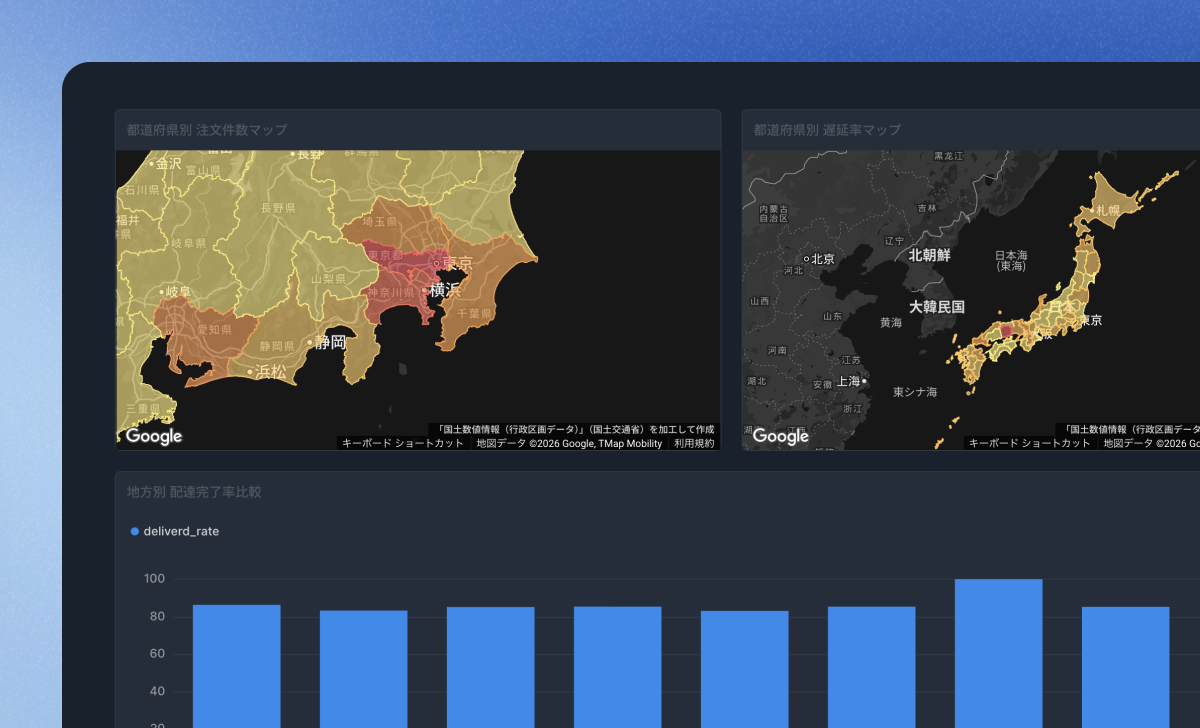 Delivery Performance: This dashboard is designed to centrally manage delivery performance for your e-commerce business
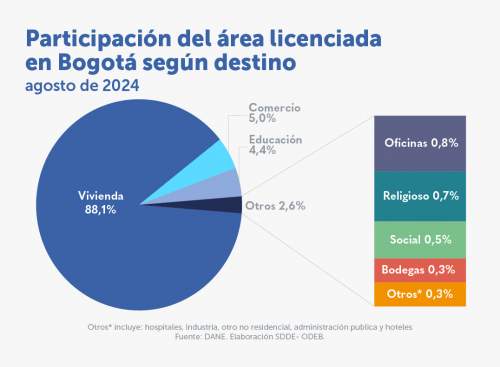 En agosto de 2024 aumentaron las importaciones totales de la construcción en Bogotá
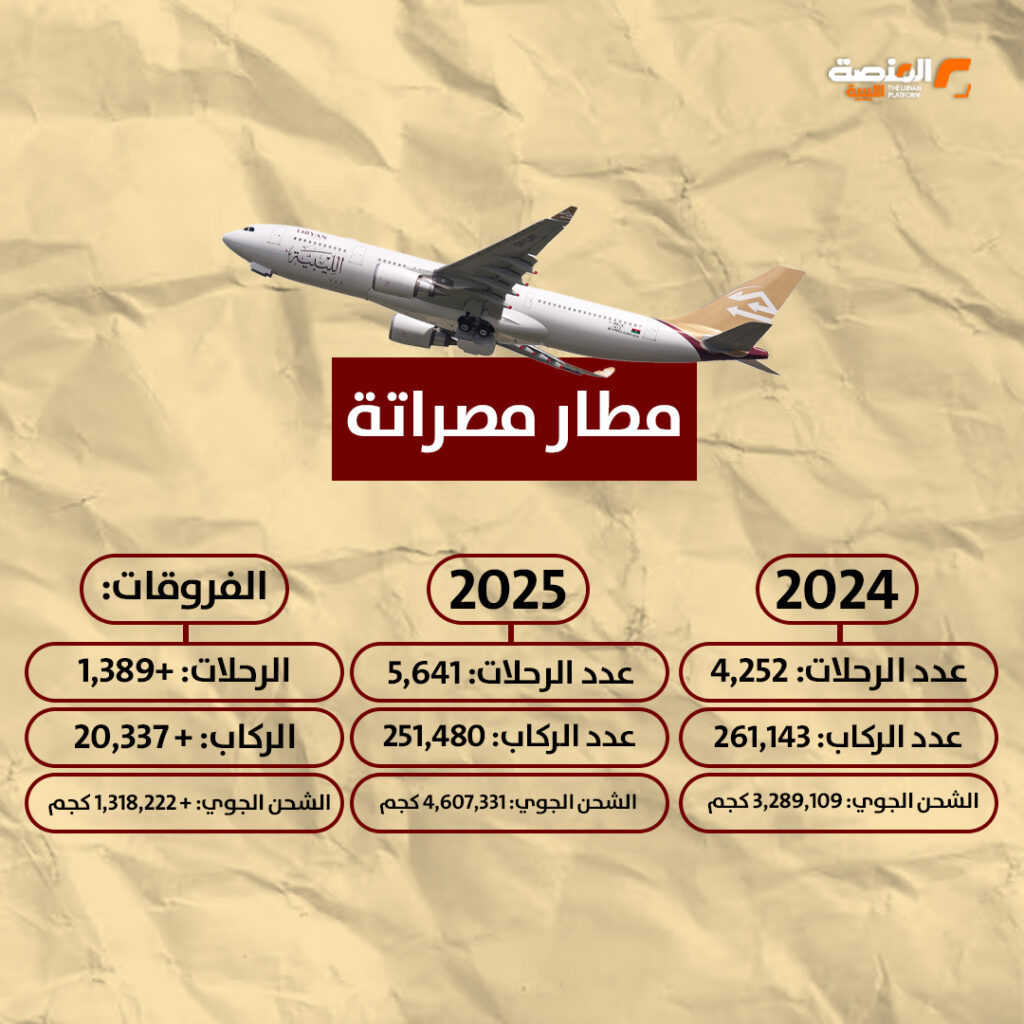 02 4 إحصائيات الحركة الجوية في ليبيا (2024 - 2025)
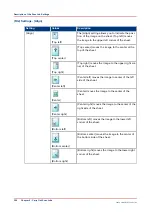 Preview for 267 page of Canon varioPRINT 135 Series Operation Manual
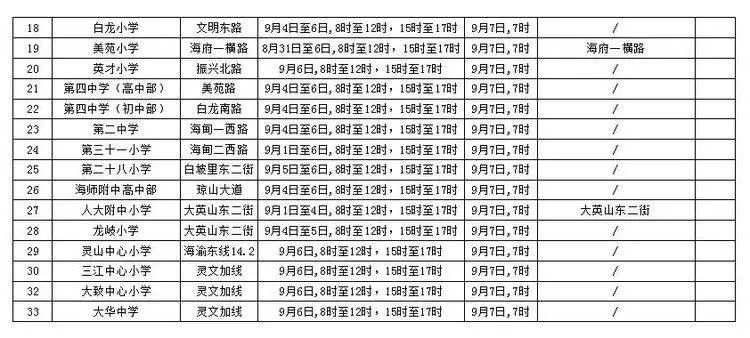 出行提示_?？谑星锛局行W(xué)開學(xué)交通出行提示_公交專用道通行時段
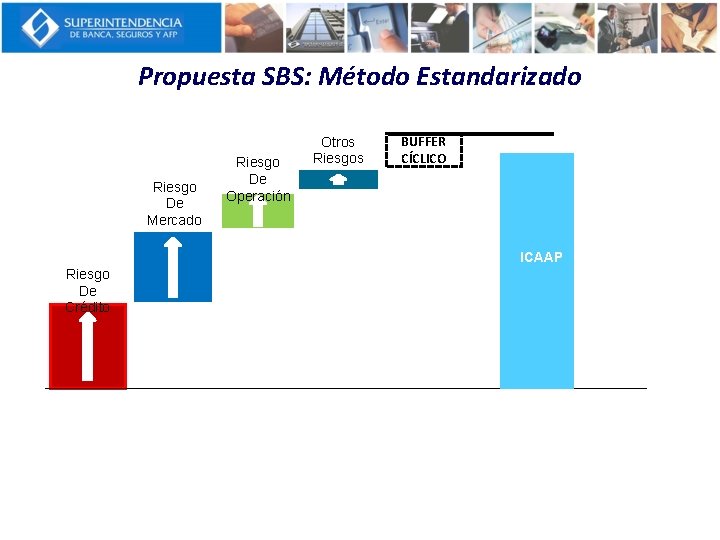 Propuesta SBS: Método Estandarizado Riesgo De Mercado Riesgo De Operación Otros Riesgos BUFFER CÍCLICO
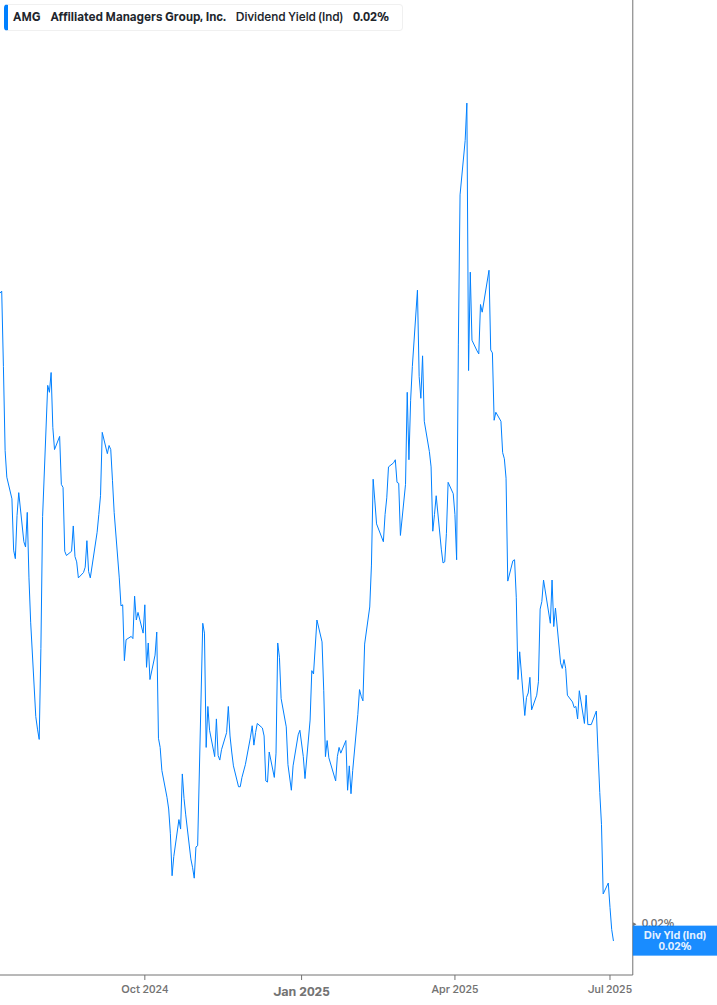 Dividend Yield Chart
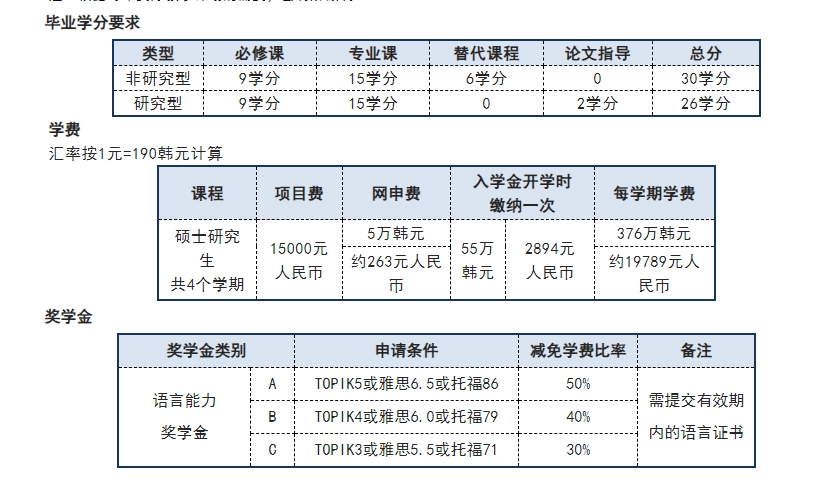 湖北大學(xué)出國留學(xué)韓國慶星大學(xué)中國碩士培養(yǎng)項目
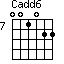 Cadd6=001022_7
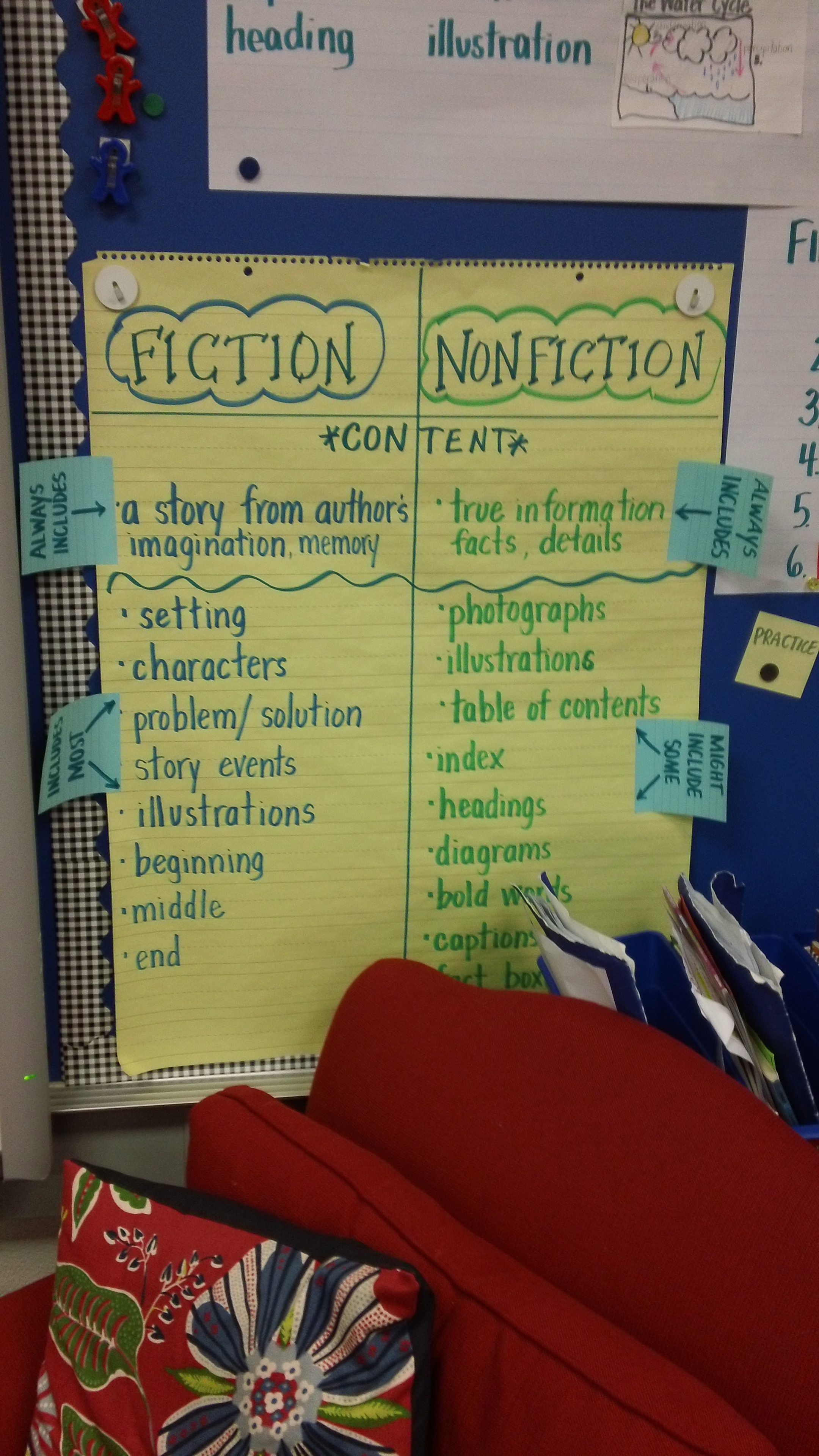 Genre Characteristics Chart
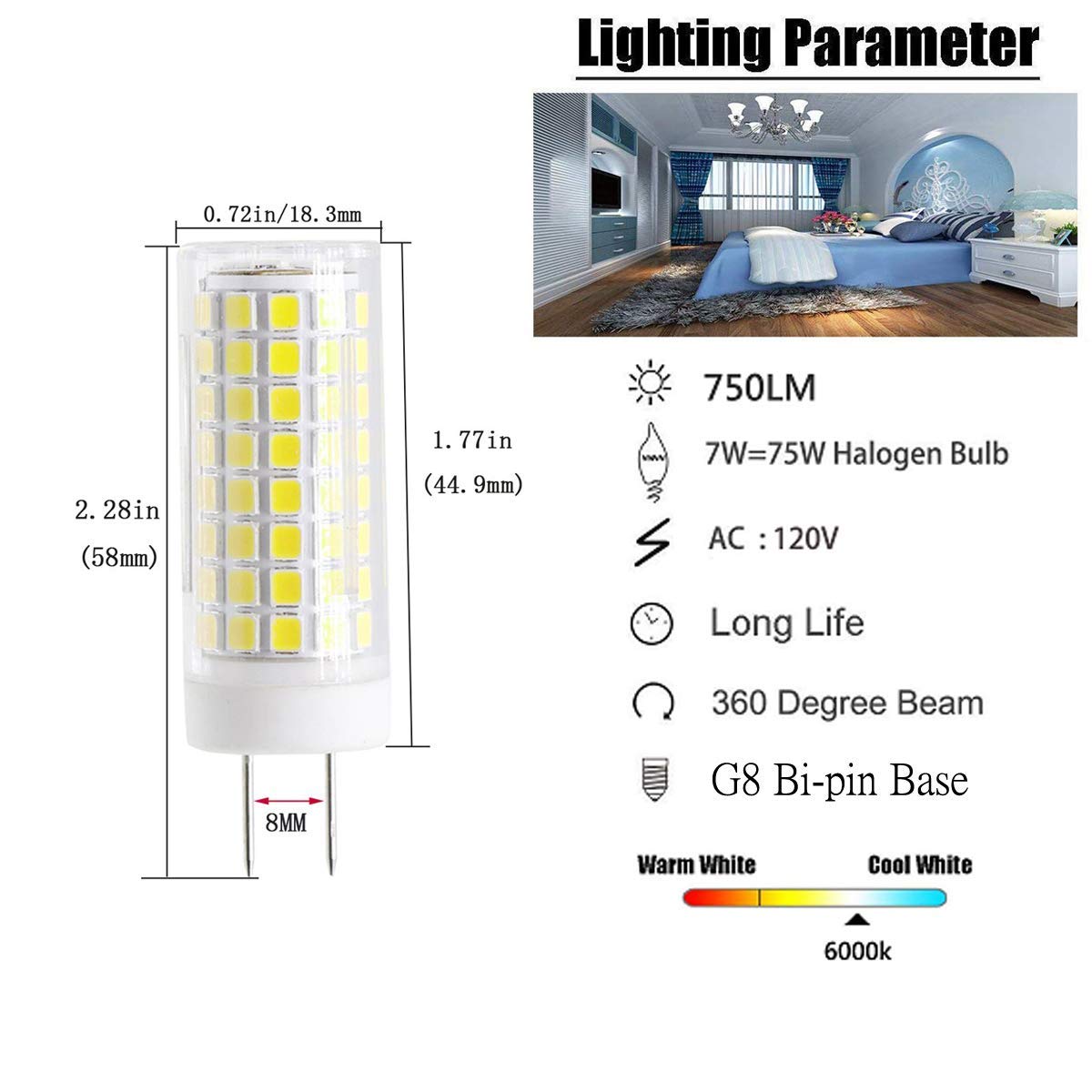 Syxkj G8 Led Bulb, 7W Dimmable Halogen Replacement, 720Lm, Daylight White, 4 Pack, Ceramic, Under Cabinet Kitchen Lighting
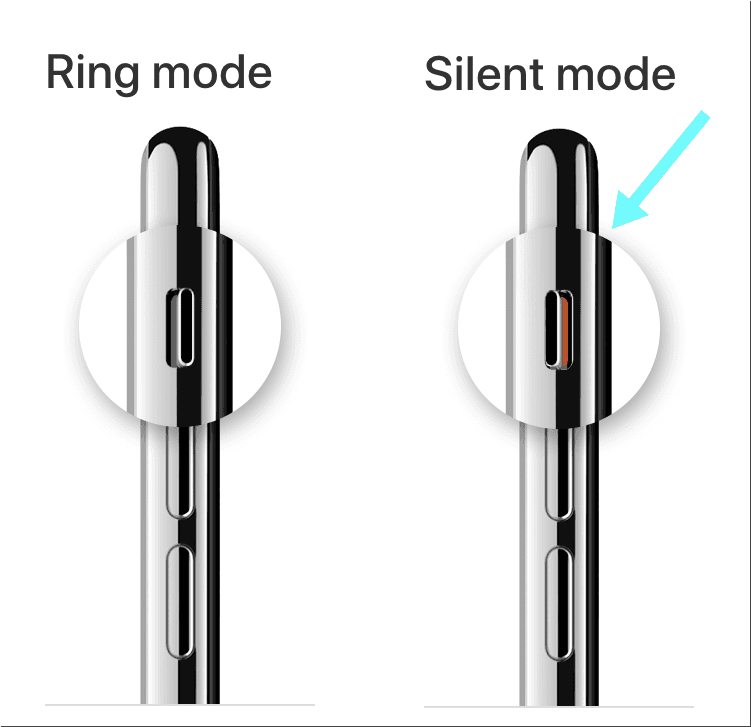 iPhone is NOT on silent mode
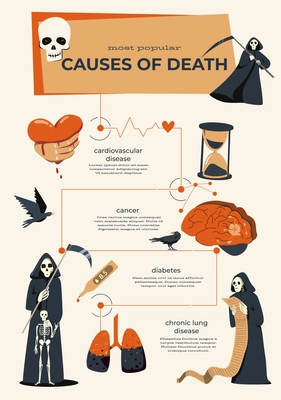 Causes of death infographics including caner diabetes chronic lung disease sections and grim reaper figures flat vector illustration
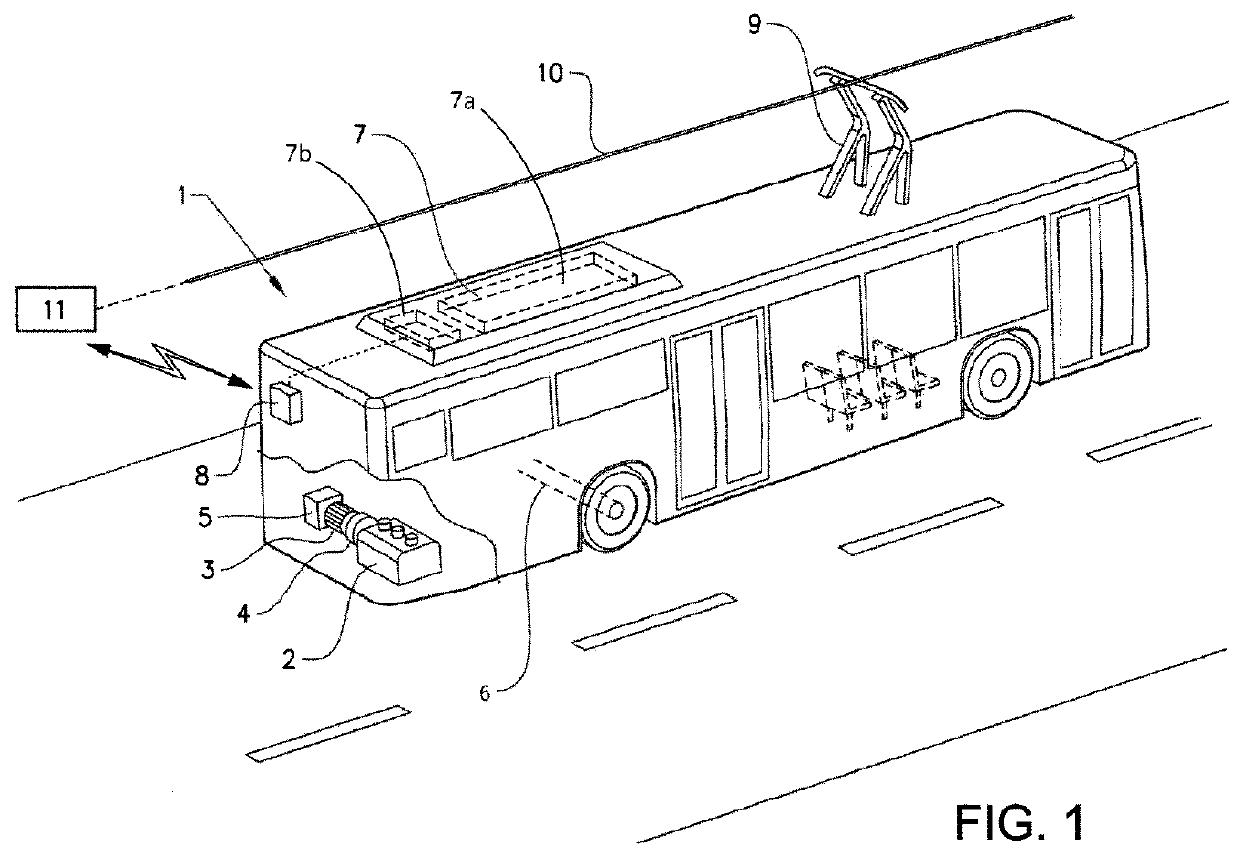 A method and system for optimizing the lifetime of an energy storage system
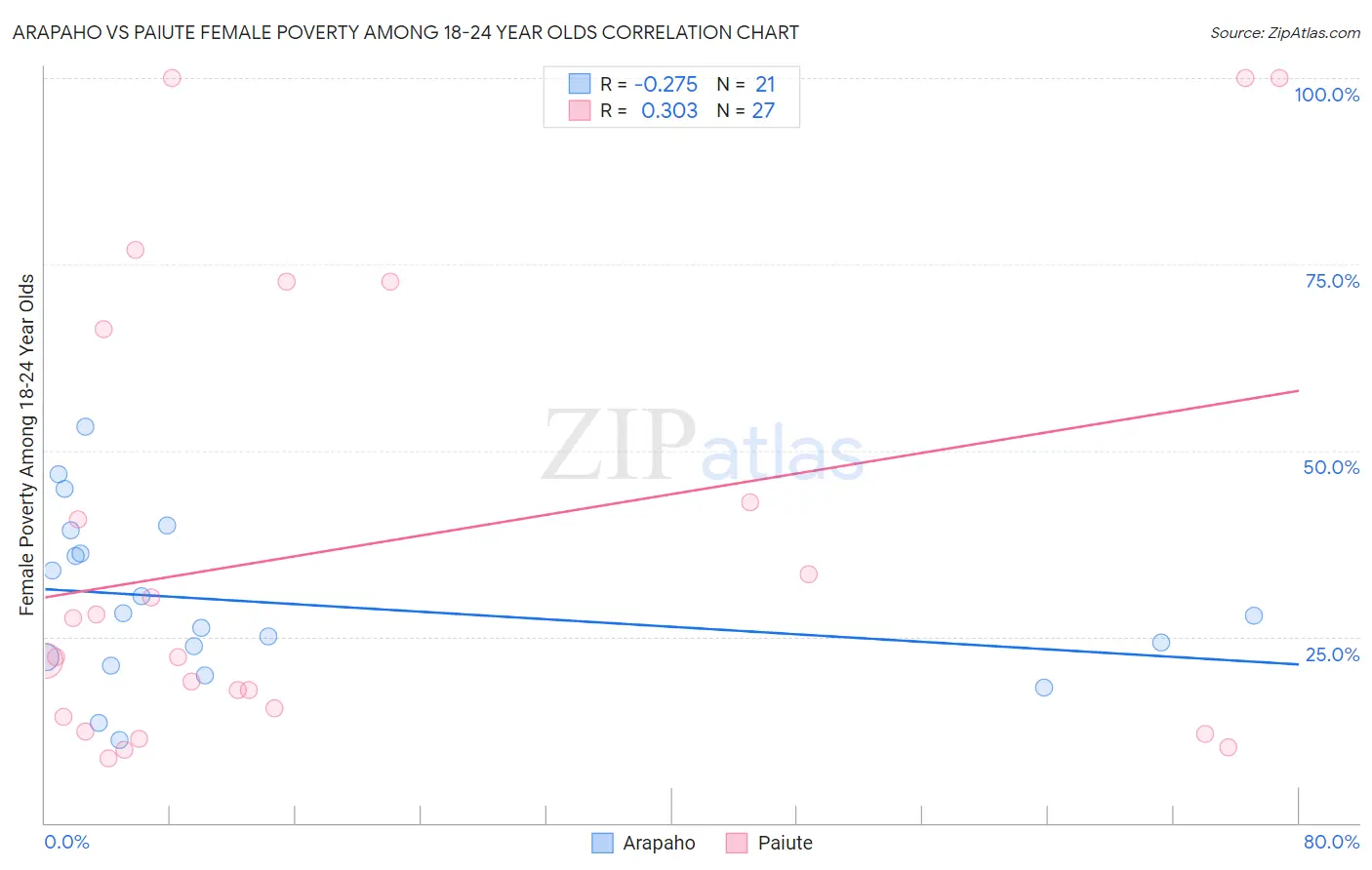 Arapaho vs Paiute Female Poverty Among 18-24 Year Olds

__________

Exercise aim: Please set the records down again exactly as written. The pictures should not be included.

Task answer:
 Delivery Performance: This dashboard is designed to centrally manage delivery performance for your e-commerce business
 En agosto de 2024 aumentaron las importaciones totales de la construcción en Bogotá
 02 4 إحصائيات الحركة الجوية في ليبيا (2024 - 2025)
 Preview for 267 page of Canon varioPRINT 135 Series Operation Manual
 出行提示_?？谑星锛局行W(xué)開學(xué)交通出行提示_公交專用道通行時段
 Propuesta SBS: Método Estandarizado Riesgo De Mercado Riesgo De Operación Otros Riesgos BUFFER CÍCLICO
 Dividend Yield Chart
 湖北大學(xué)出國留學(xué)韓國慶星大學(xué)中國碩士培養(yǎng)項目
 Cadd6=001022_7
 Genre Characteristics Chart
 Syxkj G8 Led Bulb, 7W Dimmable Halogen Replacement, 720Lm, Daylight White, 4 Pack, Ceramic, Under Cabinet Kitchen Lighting
 iPhone is NOT on silent mode
 Causes of death infographics including caner diabetes chronic lung disease sections and grim reaper figures flat vector illustration
 A method and system for optimizing the lifetime of an energy storage system
 Arapaho vs Paiute Female Poverty Among 18-24 Year Olds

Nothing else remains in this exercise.